Wednesday, February 2, 2011

Three boats, no camera

I'm working three days a week in downtown Charleston, W.Va., now. The other two days I work from my home near Huntington.

The office in Charleston is beside the Kanawha River. I keep looking for interesting boats to go by, but usually I'm disappointed. Today my luck was better. If only I'd brought my camera to work, it would have been excellent.

First, around noon, the D.A. Grimm came down the river pushing two loaded coal barges. The wind was blowing pretty hard, and the surface of the Kanawha was rough. Sometimes the splash that resulted from a barge hitting those wind-driven waves must have been ten feet high.

A little while later came the Charleston pushing six coal loads. It was followed sometime after by a smaller boat, perhaps the Reliant, pushing nine loads.

Any of those would have made a good photo, especially as they went under the Interstate 64 bridge. But my camera was back at home. Oh well.

So that got me thinking about photos of the Winfield Locks and Dam on the Kanawha that I had taken last fall on the day before Thanksgiving. It was a cold day, and I got my pictures and got out of there. This spring, when the air is warm and the hills are green, I'll go back and spend more time. Tomorrow I might post some of the photos from November.

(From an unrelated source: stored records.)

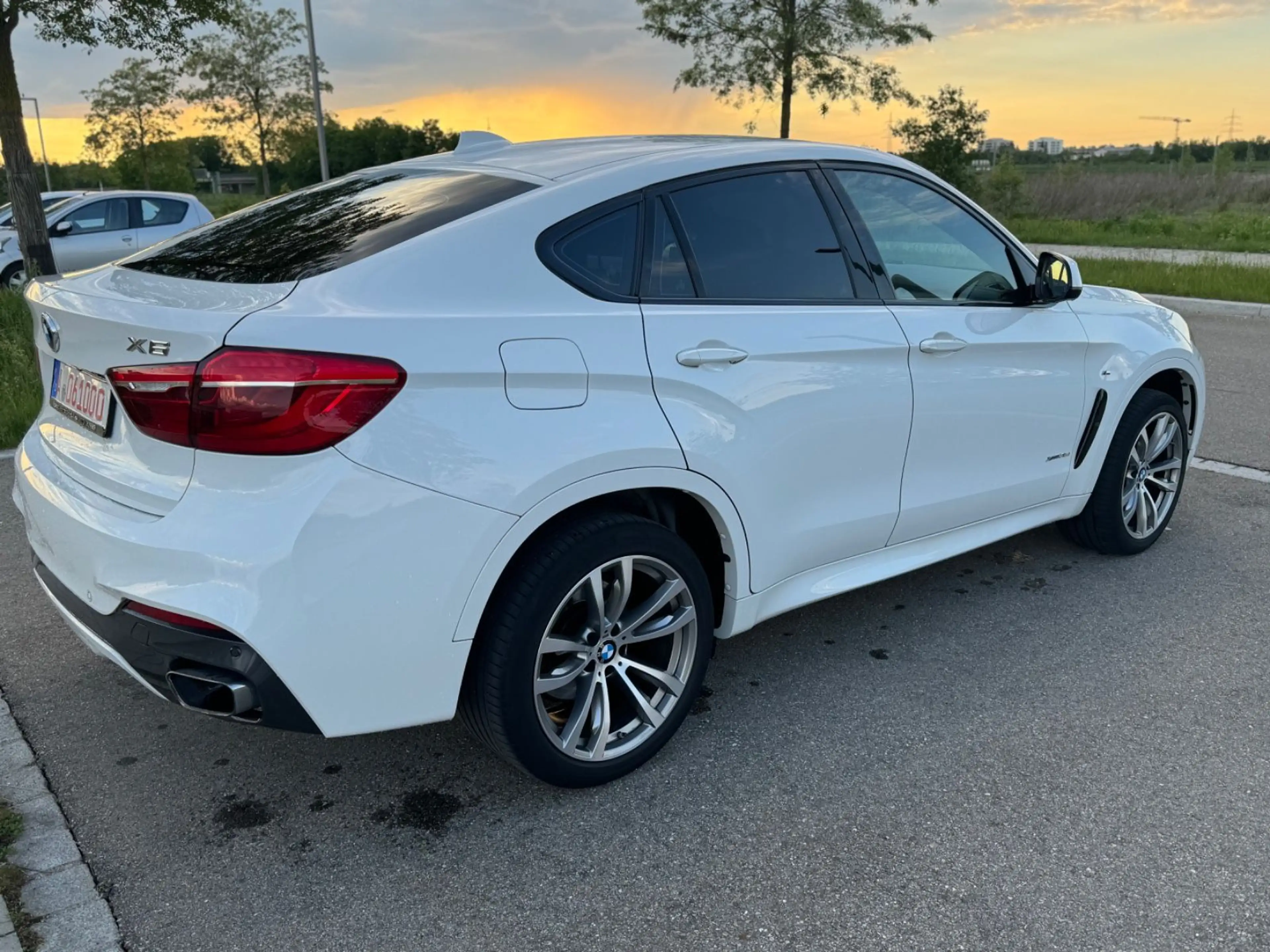 BMW X6 Baureihe X6 xDrive 35 i M-Paket 1A AHK — photo 5
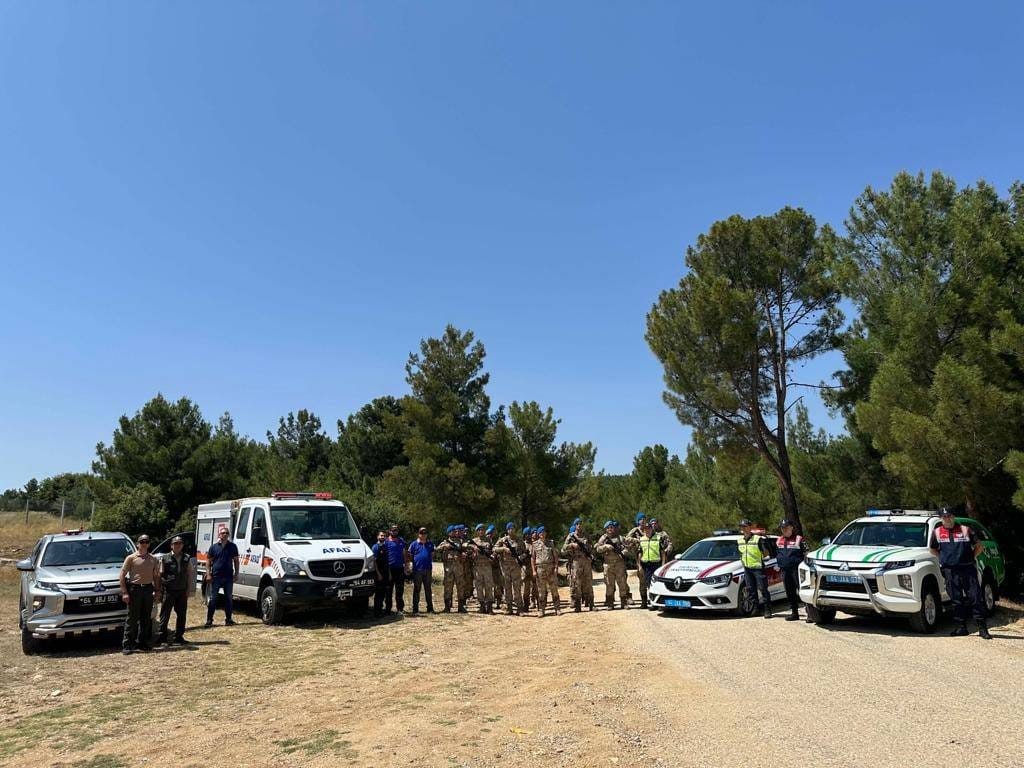 Uşak’ta orman yangınlarına karşı çalışma gerçekleşti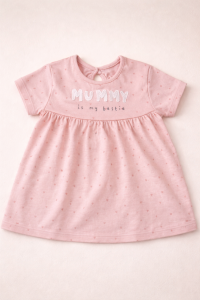 mummy is my bestie frock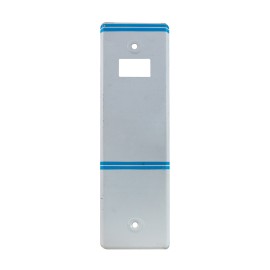  PLACA RECOGEDOR METAL ALUMINIO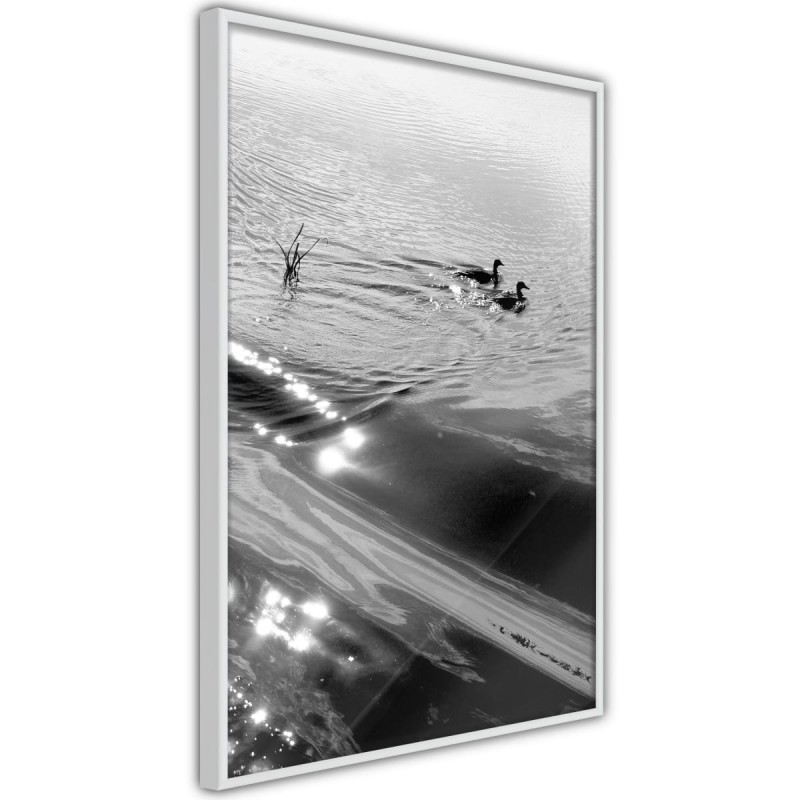 Plakat - Tekstura wody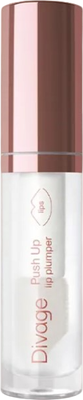 Блеск для губ Divage Push Up Lip Plumper тон 01 прозрачный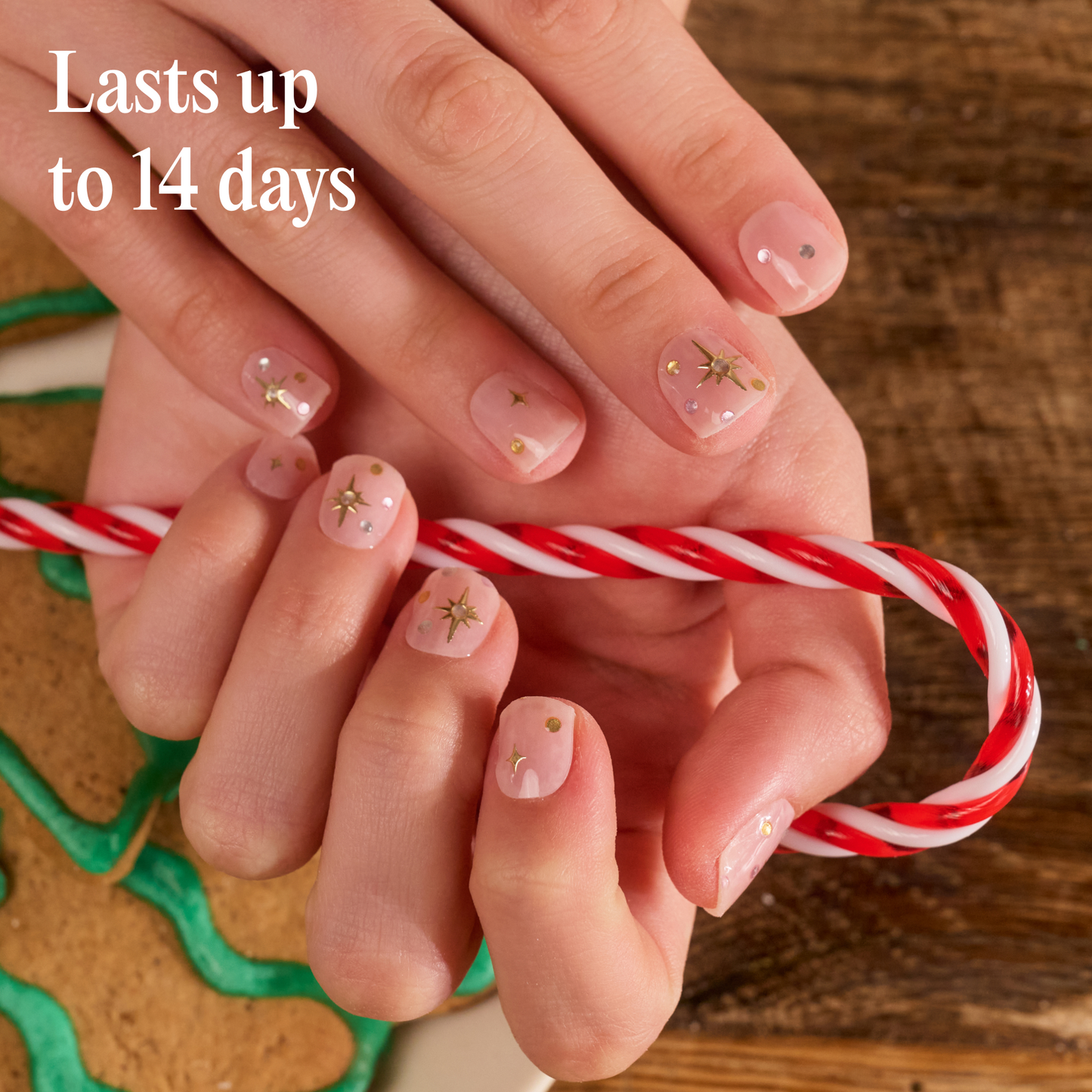 Mylee Gel Nail Wraps - Tinsel Twinkle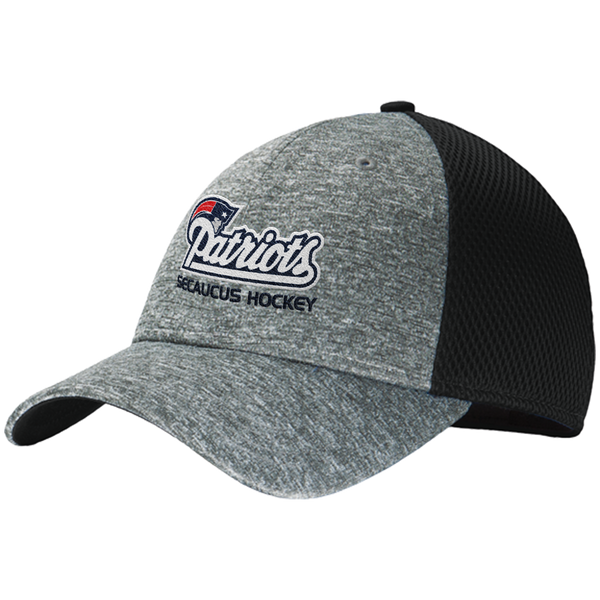 Secaucus Patriots New Era Shadow Stretch Mesh Cap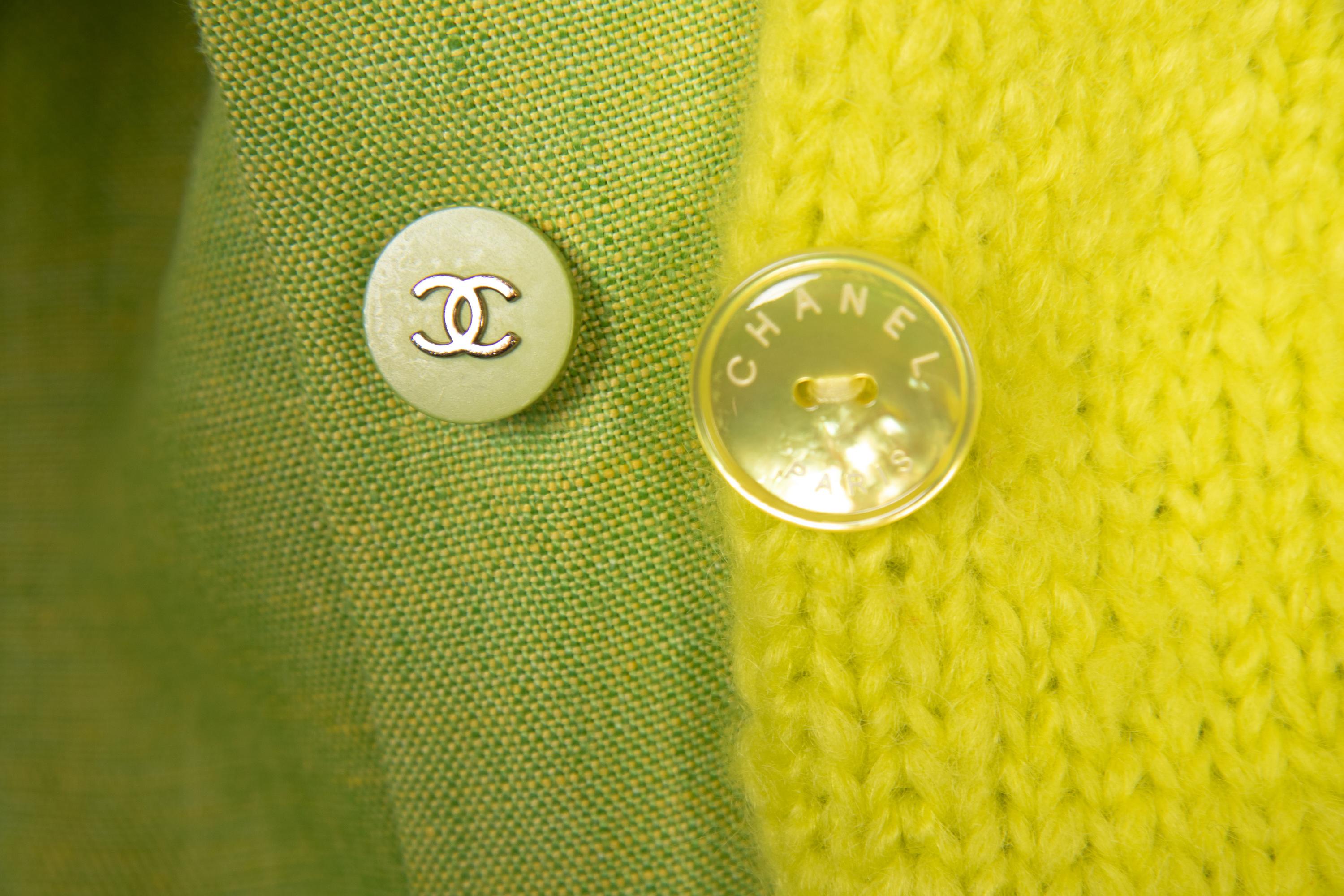 Two Chanel Items: One Jacket, One Shirt, 1998-2004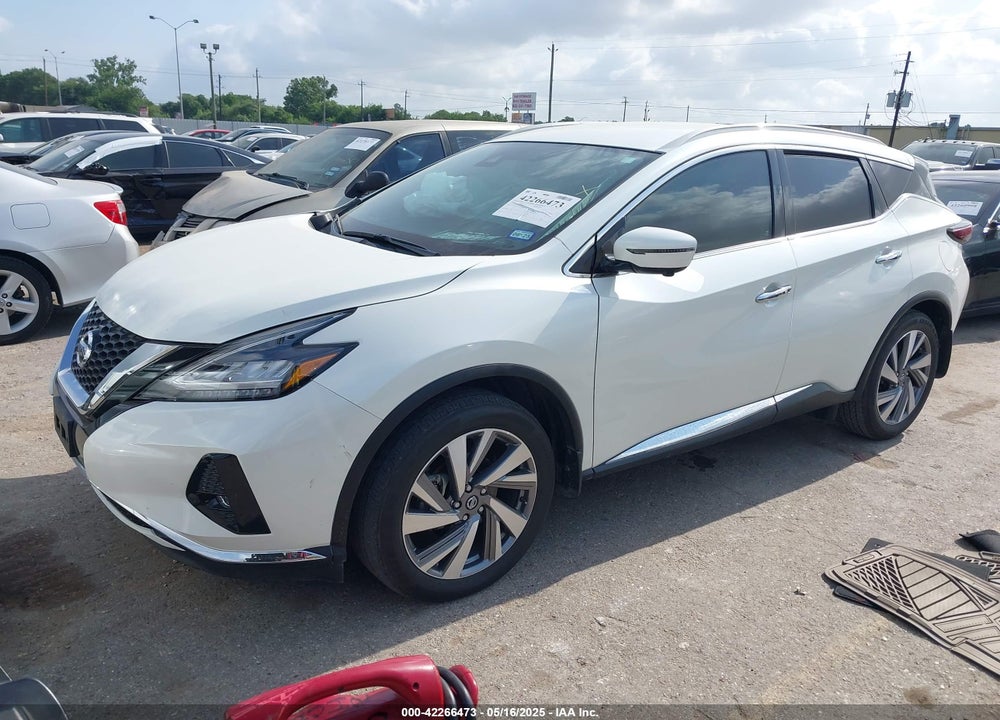 2021 NISSAN MURANO VIN: 5N1AZ2CJXMC132466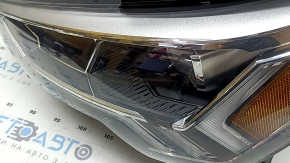 Фара передняя левая в сборе Audi Q3 83A 19-25 LED с signature drl, песок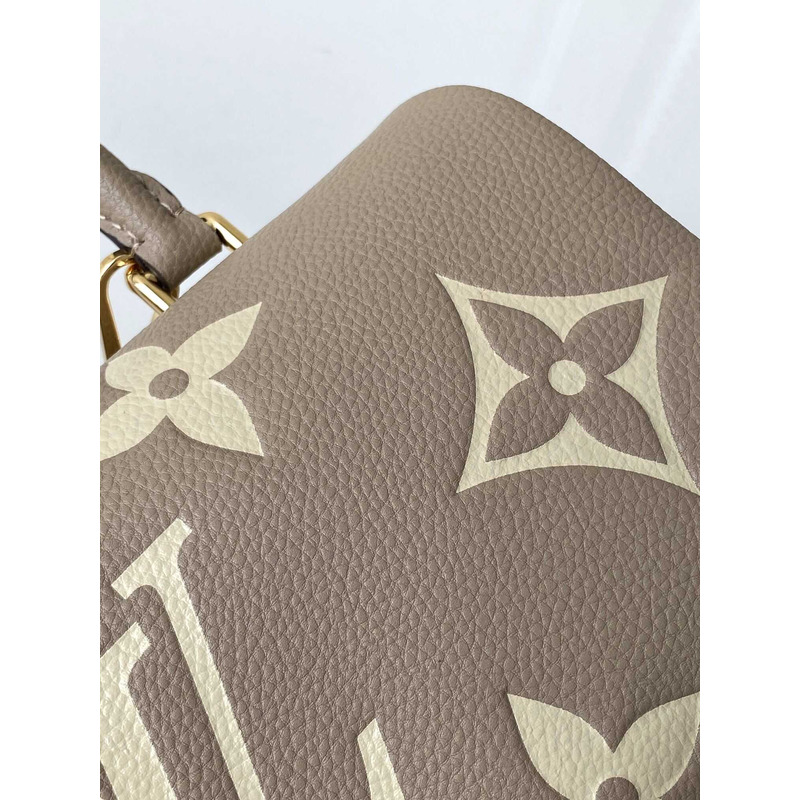 l**is V*t*n madeleine mm bicolor monogram empreinte leather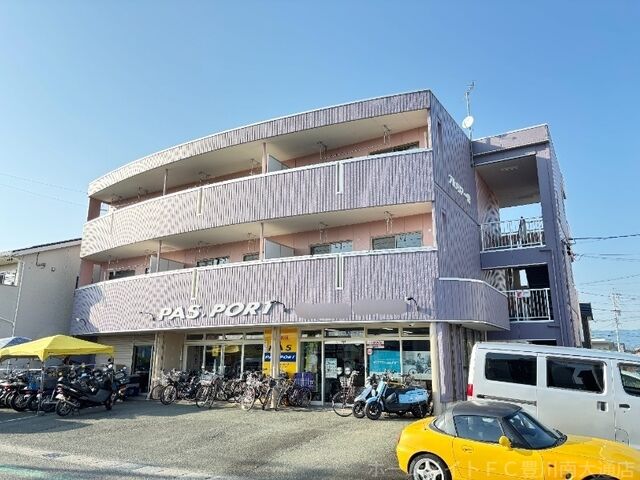 拡大写真:アルメリア一宮 2階202の建物外観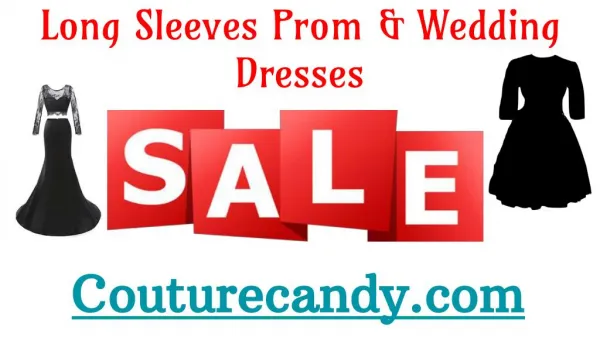 Shop For Long Sleeve Evening & Prom Dresses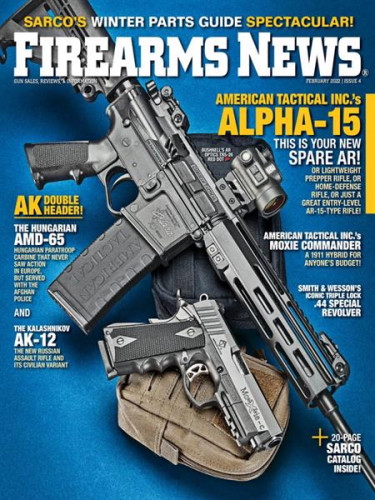 Firearms News – Issue 4, February 2022
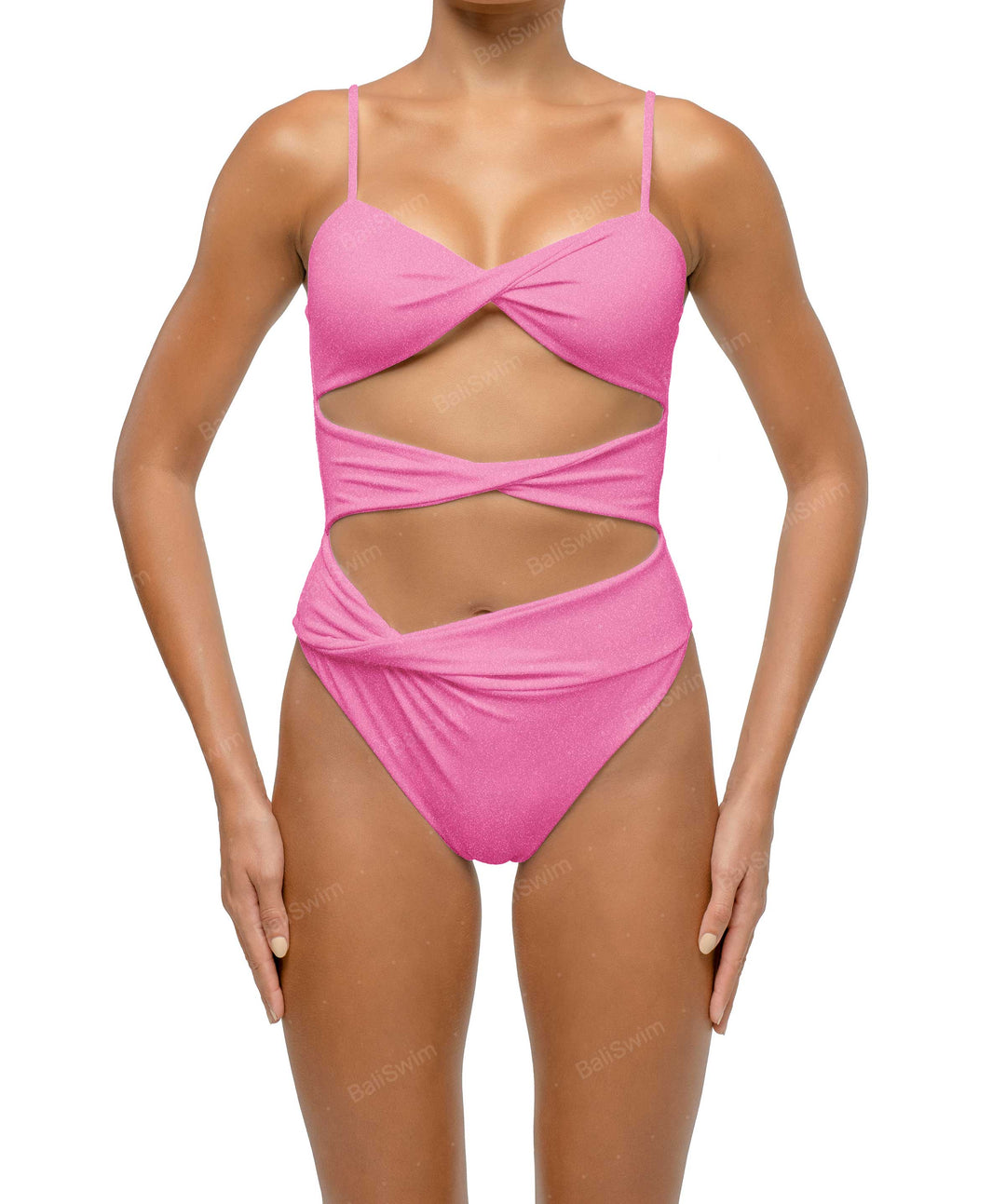 BSWS-S69 Triple Twist One Piece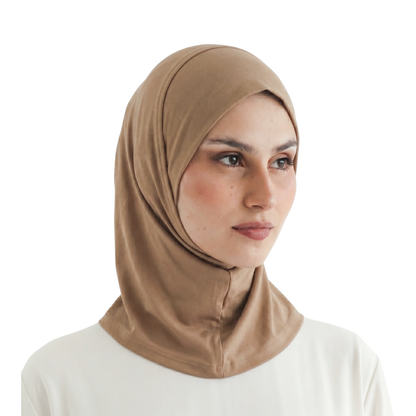 One-Piece Lycra Short Hijab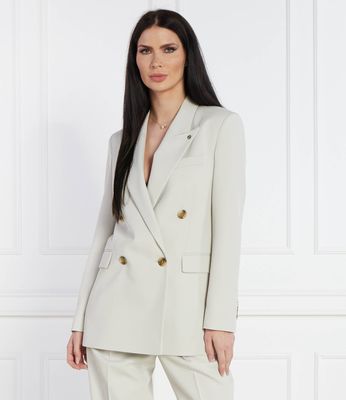 Marynarka wiosenny BOSS BLACK ze sklepu: Gomez Fashion Store w kategorii: Marynarki damskie - zdjęcie 874714-BD9-10338_BB242W000029271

Until then, here is a photo I shot that same day.



It's of the AEP Legacy during its first trip up the Ohio River to the AEP dock at Lakin, W.Va. But this was taken on the Kanawha, less than a mile above the mouth. The AEP Legacy has picked up some coal barges and is backing out of the Kanawha. When it got to the Ohio, it headed upriver. I had previously posted photos as it neared the Kyger Creek and Gavin power plants near Cheshire, Ohio.